━━━━━ Information given ━━━━━

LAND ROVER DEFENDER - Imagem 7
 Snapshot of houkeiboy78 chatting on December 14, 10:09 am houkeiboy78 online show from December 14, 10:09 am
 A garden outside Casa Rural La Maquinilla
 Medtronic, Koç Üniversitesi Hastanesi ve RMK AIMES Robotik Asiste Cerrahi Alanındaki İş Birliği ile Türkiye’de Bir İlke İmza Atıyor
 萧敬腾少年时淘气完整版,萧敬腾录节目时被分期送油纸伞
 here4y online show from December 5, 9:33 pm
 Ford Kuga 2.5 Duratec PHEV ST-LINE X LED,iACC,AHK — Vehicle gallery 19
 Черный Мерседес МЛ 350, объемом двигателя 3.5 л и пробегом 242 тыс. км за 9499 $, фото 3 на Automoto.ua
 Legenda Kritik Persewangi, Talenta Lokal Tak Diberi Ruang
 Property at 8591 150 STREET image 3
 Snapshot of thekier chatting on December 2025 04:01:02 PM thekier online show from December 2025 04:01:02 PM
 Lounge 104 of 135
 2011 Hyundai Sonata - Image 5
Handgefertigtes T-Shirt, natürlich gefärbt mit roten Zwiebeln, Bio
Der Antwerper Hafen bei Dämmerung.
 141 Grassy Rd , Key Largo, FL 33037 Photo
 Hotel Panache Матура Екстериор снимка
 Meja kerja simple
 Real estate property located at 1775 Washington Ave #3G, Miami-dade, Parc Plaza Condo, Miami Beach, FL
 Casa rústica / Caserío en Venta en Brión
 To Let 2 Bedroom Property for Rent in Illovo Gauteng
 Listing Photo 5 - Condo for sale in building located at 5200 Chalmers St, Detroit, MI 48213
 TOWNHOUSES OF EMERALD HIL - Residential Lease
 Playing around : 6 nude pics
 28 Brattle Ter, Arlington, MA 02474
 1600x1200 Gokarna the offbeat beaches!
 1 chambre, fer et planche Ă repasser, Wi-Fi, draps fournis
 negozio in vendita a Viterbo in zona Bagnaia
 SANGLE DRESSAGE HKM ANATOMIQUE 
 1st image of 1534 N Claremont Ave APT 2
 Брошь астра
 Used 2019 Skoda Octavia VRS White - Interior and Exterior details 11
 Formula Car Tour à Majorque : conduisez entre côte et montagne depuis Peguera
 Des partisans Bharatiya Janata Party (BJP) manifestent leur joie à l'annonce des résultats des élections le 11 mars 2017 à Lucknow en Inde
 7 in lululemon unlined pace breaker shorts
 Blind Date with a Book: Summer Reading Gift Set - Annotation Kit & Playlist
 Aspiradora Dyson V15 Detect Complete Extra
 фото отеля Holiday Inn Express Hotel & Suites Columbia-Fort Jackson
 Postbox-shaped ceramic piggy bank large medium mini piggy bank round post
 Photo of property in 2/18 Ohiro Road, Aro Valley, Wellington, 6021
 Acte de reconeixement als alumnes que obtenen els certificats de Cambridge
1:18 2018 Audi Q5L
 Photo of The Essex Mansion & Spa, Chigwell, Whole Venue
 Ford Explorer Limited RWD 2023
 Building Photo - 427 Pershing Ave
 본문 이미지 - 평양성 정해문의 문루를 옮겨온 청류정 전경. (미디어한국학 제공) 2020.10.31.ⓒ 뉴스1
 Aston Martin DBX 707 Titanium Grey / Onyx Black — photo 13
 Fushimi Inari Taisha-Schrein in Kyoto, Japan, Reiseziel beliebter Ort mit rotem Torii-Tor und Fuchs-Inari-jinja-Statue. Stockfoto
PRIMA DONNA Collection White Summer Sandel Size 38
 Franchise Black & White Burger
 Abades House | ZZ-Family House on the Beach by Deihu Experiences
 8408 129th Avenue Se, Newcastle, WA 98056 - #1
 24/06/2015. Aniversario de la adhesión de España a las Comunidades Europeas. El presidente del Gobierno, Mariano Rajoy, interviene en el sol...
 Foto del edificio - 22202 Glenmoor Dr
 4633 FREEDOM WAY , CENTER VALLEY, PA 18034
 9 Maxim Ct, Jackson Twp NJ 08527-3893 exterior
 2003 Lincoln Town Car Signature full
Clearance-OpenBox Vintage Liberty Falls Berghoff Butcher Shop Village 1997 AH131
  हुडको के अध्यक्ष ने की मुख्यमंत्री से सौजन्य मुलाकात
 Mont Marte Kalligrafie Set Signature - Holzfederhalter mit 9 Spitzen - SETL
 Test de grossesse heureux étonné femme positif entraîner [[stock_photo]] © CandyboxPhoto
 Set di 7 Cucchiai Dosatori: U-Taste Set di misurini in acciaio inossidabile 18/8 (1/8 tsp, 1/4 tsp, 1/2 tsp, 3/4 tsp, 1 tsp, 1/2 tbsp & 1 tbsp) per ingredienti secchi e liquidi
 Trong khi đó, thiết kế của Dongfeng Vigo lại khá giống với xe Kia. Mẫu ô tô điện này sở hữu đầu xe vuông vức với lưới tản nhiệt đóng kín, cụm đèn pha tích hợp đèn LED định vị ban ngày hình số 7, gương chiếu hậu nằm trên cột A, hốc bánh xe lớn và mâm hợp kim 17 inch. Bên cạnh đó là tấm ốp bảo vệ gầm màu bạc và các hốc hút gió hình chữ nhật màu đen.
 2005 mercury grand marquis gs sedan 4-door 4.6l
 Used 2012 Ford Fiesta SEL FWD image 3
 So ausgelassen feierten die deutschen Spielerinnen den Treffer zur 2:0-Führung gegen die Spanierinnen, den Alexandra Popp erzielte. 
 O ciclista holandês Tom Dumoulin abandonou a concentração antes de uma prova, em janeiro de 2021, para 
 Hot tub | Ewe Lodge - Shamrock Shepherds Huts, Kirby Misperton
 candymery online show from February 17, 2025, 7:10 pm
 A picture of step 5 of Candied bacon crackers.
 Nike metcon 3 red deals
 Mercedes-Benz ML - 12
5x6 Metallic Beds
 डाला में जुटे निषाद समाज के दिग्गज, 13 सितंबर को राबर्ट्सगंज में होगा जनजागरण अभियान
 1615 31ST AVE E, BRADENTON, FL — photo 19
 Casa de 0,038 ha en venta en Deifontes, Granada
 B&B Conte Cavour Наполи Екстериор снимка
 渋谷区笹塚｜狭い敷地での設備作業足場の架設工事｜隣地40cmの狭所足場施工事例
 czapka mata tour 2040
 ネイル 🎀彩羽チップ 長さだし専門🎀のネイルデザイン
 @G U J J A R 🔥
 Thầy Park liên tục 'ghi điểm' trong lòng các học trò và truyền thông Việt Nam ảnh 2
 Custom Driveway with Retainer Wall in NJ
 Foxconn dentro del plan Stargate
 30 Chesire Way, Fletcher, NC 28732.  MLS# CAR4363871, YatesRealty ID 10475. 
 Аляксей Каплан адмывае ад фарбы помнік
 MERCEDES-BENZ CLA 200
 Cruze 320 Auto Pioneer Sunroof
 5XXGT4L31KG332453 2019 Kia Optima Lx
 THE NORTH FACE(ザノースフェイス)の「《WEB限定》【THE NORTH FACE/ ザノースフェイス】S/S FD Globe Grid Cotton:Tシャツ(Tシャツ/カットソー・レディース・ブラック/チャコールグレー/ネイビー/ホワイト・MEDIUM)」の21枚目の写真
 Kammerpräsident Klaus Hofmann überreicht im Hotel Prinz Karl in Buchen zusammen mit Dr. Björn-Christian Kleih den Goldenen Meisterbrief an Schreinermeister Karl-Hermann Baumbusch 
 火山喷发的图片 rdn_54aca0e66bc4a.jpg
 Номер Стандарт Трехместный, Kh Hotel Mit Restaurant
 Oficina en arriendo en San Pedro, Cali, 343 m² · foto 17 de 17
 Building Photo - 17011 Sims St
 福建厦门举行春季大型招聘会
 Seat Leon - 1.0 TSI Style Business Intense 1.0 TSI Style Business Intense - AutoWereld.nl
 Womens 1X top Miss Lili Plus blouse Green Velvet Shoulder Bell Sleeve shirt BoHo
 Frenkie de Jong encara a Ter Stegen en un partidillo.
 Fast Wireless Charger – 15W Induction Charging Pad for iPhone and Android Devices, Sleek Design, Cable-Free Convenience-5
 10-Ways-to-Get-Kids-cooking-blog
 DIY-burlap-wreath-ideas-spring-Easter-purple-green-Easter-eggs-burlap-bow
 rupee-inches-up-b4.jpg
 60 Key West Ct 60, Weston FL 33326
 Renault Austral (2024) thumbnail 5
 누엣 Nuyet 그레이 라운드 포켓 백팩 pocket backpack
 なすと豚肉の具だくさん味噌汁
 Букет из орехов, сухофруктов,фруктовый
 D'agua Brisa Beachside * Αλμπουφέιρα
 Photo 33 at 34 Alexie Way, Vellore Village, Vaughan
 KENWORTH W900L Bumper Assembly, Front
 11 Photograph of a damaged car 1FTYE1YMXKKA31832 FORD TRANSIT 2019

━━━━━

**Task instructions:** All that is needed is the exact run of lines above from the line containing "2011 Hyundai Sonata - Image 5" through the line containing "Formula Car Tour", both of them included.

**Answer section:**
 2011 Hyundai Sonata - Image 5
Handgefertigtes T-Shirt, natürlich gefärbt mit roten Zwiebeln, Bio
Der Antwerper Hafen bei Dämmerung.
 141 Grassy Rd , Key Largo, FL 33037 Photo
 Hotel Panache Матура Екстериор снимка
 Meja kerja simple
 Real estate property located at 1775 Washington Ave #3G, Miami-dade, Parc Plaza Condo, Miami Beach, FL
 Casa rústica / Caserío en Venta en Brión
 To Let 2 Bedroom Property for Rent in Illovo Gauteng
 Listing Photo 5 - Condo for sale in building located at 5200 Chalmers St, Detroit, MI 48213
 TOWNHOUSES OF EMERALD HIL - Residential Lease
 Playing around : 6 nude pics
 28 Brattle Ter, Arlington, MA 02474
 1600x1200 Gokarna the offbeat beaches!
 1 chambre, fer et planche Ă repasser, Wi-Fi, draps fournis
 negozio in vendita a Viterbo in zona Bagnaia
 SANGLE DRESSAGE HKM ANATOMIQUE 
 1st image of 1534 N Claremont Ave APT 2
 Брошь астра
 Used 2019 Skoda Octavia VRS White - Interior and Exterior details 11
 Formula Car Tour à Majorque : conduisez entre côte et montagne depuis Peguera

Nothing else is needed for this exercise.